Marie Curie

22 Şubat 2010 Pazartesi0 yorum

Marie Curie kocası Pierre ile birlekta iki açıdan sembol olmuştur: birlikte radyum elementini bularak radyoaktivite çağını başlatmışlar ve iki kez Nobel Ödülü’ne layık görülen Marie Curie’yse, modern toplumun bilimsel ve feminist ideallerini, olağanüstü kişiliğinde yansıtmıştır.



Marie CurieBilim adamları ve toplum için onun Radyumu, madde ve enerjiyi anlamanın anahtarı olmuştur. Çalışmaları yalnız temel bilimin gelişmelerini etkilemekle kalmamış, tıbbi araştırma ve tedavi alanında da birçok yeniliğin öncüsü olmuştur.
Radyumun bulunuşu nükleer fiziğin ve kanser tedavisinin yolunu açmıştır. Polonyalı bir aileden olan Marie bilim ve cesaretin öncüsü sayılır.
Araştırmaları radyoaktif parçacıklarla sürekli temasları nedeniyle hayatına mal olmuştur.
AİLESİ VE MİLLİYETİ
Maria Sklodowska Manya, yurtseverliği anne ve babası olan Bronislawa ve Vladislav Sklodowski’den öğrendi. Maria 7 Kasım 1867 tarihinde Varşova’da doğduğunda, Polonya yüzyılın büyük bir bölümünde bağımsız bir ülke konumunda değildi. Ülke Avusturya, Prusya ve Çarlık Rusya’sı tarafından bölünmüştü.
Varşova Çarın hakimiyeti altındaydı. Çar Polonya halkının kendi kültür ve dilini öğrenmesini engelleyerek Polonya milliyetçiliğini baskı altında tutacağını sanıyordu.
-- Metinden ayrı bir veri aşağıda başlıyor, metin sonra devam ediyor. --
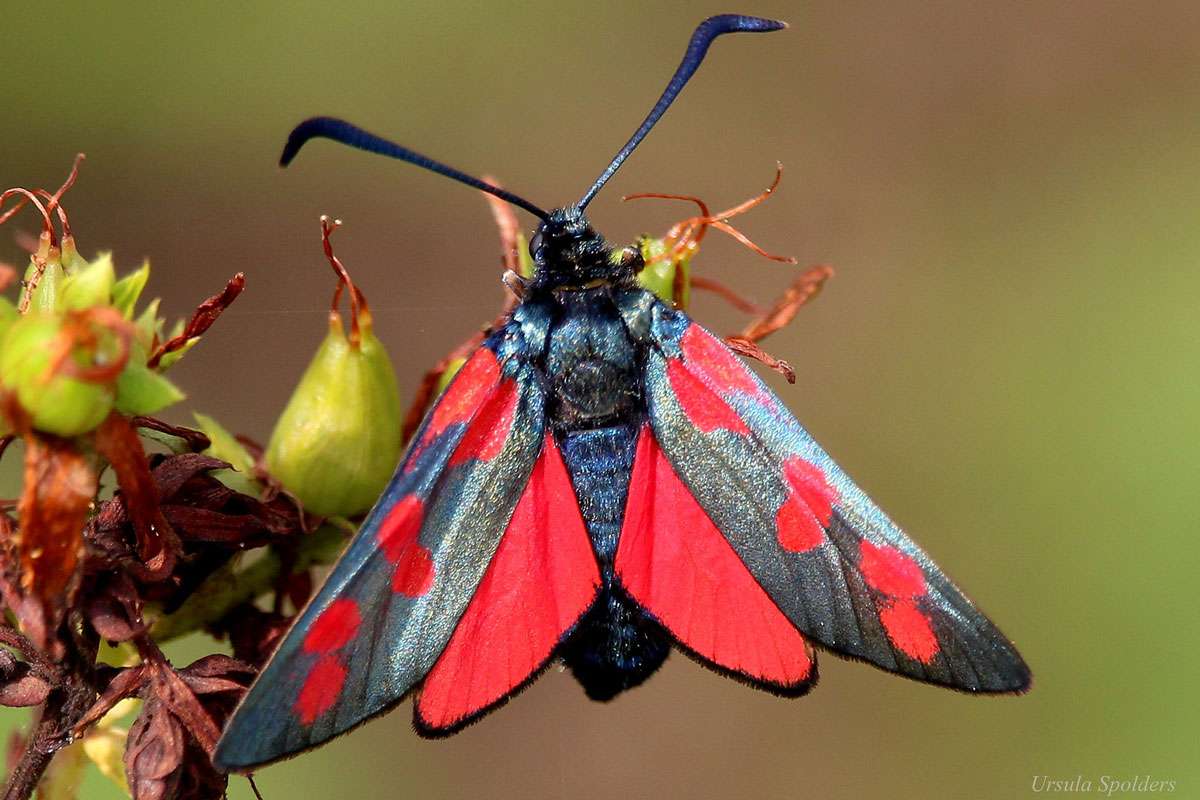 Tagaktiver Nachtfalter mit markanter Fühlerform und Färbung: Gemeines Blutströpfchen (Zygaena filipendulae), (c) Ursula Spolders/NABU-naturgucker.de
Ancak Polonya’lı yurtseverler ülkelerinin kontrolünü ele geçirmeyi başardılar. Marie’nın anne ve babası birer eğitmen olarak Rus öğretmenlerinin yaptıkları engellemeleri ellerinden geldiği kadar önlemeye çalıştılar.
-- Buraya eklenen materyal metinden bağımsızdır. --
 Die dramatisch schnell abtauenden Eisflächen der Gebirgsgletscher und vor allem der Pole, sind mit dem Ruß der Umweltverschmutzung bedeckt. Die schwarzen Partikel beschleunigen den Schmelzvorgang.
Manya’nın ailenin beşinci çocuğu olarak dünyaya gelmesi annesinin okul müdürlüğü işinden çekilmesine yol açtı. Aile, başka bir okula transfer oldu. Vladislav burada Fizik ve Matematik öğretmenliği yaparak iyi para kazanıyordu. Ancak okulun Rus denetçisi onu milliyetçi fikirlerinden dolayı işinden kovdu.
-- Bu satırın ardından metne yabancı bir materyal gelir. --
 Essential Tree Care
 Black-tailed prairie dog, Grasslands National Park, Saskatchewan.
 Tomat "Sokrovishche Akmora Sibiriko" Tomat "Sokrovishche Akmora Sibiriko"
"Sürekli şüpheli muamelesi görmek ve gözetlenmek; çocuklar Polonya dilinde konuştukları veya bu dilde dikkatsizce bir söz sarf ettikleri zaman yalnız kendileri değil aileleri de cezalandırılıyordu."
Babanın ilerleme imkánı düşük bir dizi akademik işlerde görev alması üzerine, ailenin ekonomik durumu bozuldu. Bu nedenle öğrenci yatakhanelerinde kalmaya başladılar. Ablası tifüs hastalığına yakalanıp, öldüğünde Maria yalnızca sekiz yaşındaydı. Bu ölümün üç yıl kadar ardından anne Madam Sklodowska da beş yıldır mustarip olduğu tüberküloz hastalığından 42 yaşındayken öldü. Geriye kalan aile efradı Profesör Sklodowski; oğlu Joseph; ve kızları Bronya, Hela, ve Maria birbirlerine daha sıkı bağlandılar.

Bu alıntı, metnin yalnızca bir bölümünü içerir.